Is there an accurate approximation of the acos() function?

I need an acos() function with double precision within a compute shader. Since there is no built-in function of acos() in GLSL with double precision, I tried to implement my own.

At first, I implemented a Taylor series like the equation from Wiki - Taylor series with precalculated faculty values. But that seems to be inaccurate around 1. The maximum error was something about 0.08 with 40 iterations.

I also implemented this method which works very well on CPU with a maximum error of -2.22045e-16, but I have some troubles to implement this within the shader.

Currently, I am using an acos() approximation function from here where somebody posted his approximation functions on this site. I am using the most accurate function of this site and now I get a maximum error of -7.60454e-08, but also that error is too high.

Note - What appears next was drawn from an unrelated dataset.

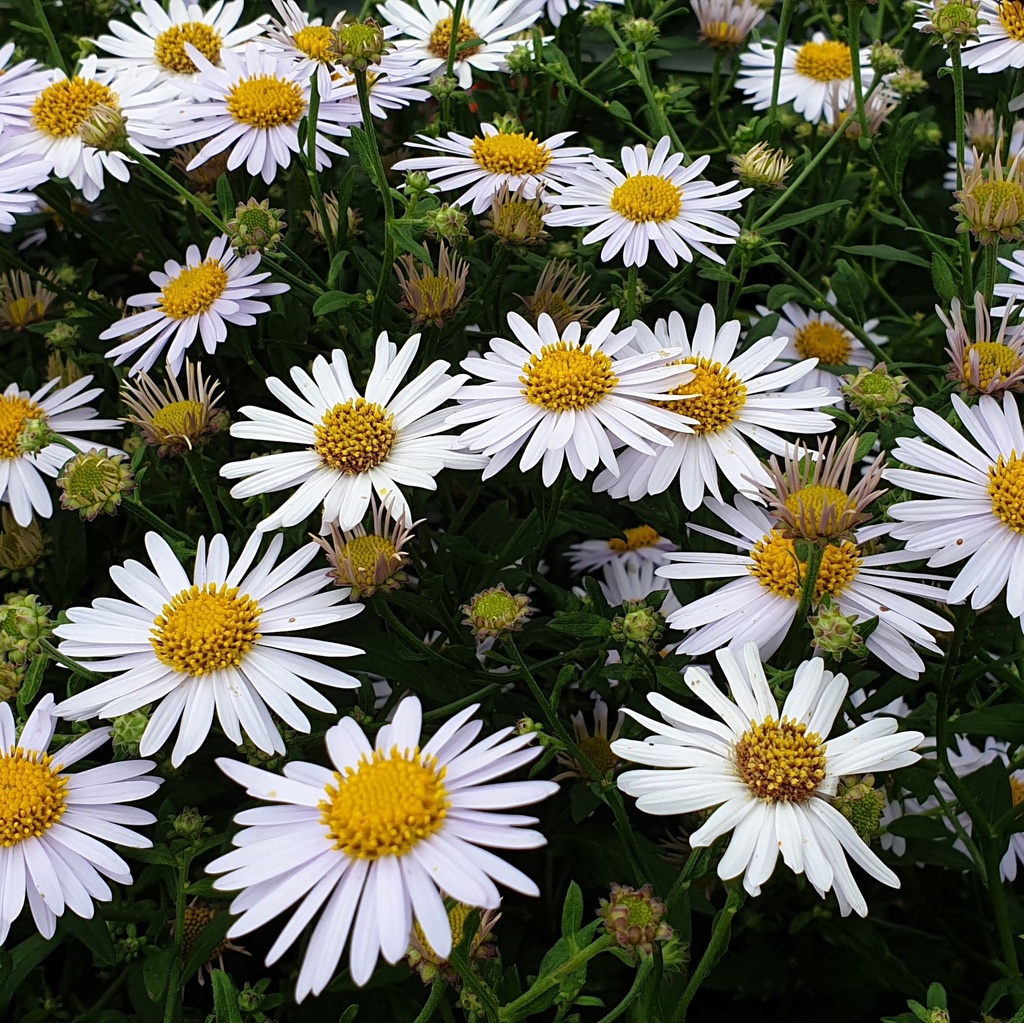 Kalimeris incisa 'Madiva'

My code of this function is:

double myACOS(double x)
{
    double part[4];
    part[0] = 32768.0/2835.0*sqrt(2.0-sqrt(2.0+sqrt(2.0+sqrt(2.0+2.0*x))));
    part[1] = 256.0/135.0*sqrt(2.0-sqrt(2.0+sqrt(2.0+2.0*x)));
    part[2] = 8.0/135.0*sqrt(2.0-sqrt(2.0+2.0*x));
    part[3] = 1.0/2835.0*sqrt(2.0-2.0*x);
    return (part[0]-part[1]+part[2]-part[3]);
}

Does anybody know another implementation method of acos() which is very accurate and -if possible- easy to implement in a shader?

Some system information:

Nvidia GT 555M
running OpenGL 4.3 with optirun

Solution

My current accurate shader implementation of 'acos()' is a mix out of the usual Taylor series and the answer from Bence. With 40 iterations I get an accuracy of 4.44089e-16 to the 'acos()' implementation from math.h. Maybe it is not the best, but it works for me:

And here it is:

double myASIN2(double x)
{
    double sum, tempExp;
    tempExp = x;
    double factor = 1.0;
    double divisor = 1.0;
    sum = x;
    for(int i = 0; i < 40; i++)
    {
        tempExp *= x*x;
        divisor += 2.0;
        factor *= (2.0*double(i) + 1.0)/((double(i)+1.0)*2.0);
        sum += factor*tempExp/divisor;
    }
    return sum;
}

double myASIN(double x)
{
    if(abs(x) <= 0.71)
        return myASIN2(x);
    else if( x > 0)
        return (PI/2.0-myASIN2(sqrt(1.0-(x*x))));
    else //x < 0 or x is NaN
        return (myASIN2(sqrt(1.0-(x*x)))-PI/2.0);

}

double myACOS(double x)
{
    return (PI/2.0 - myASIN(x));
}

Any comments, what could be done better? For example using a LUT for the values of factor, but in my shader 'acos()' is just called once so there is no need for it.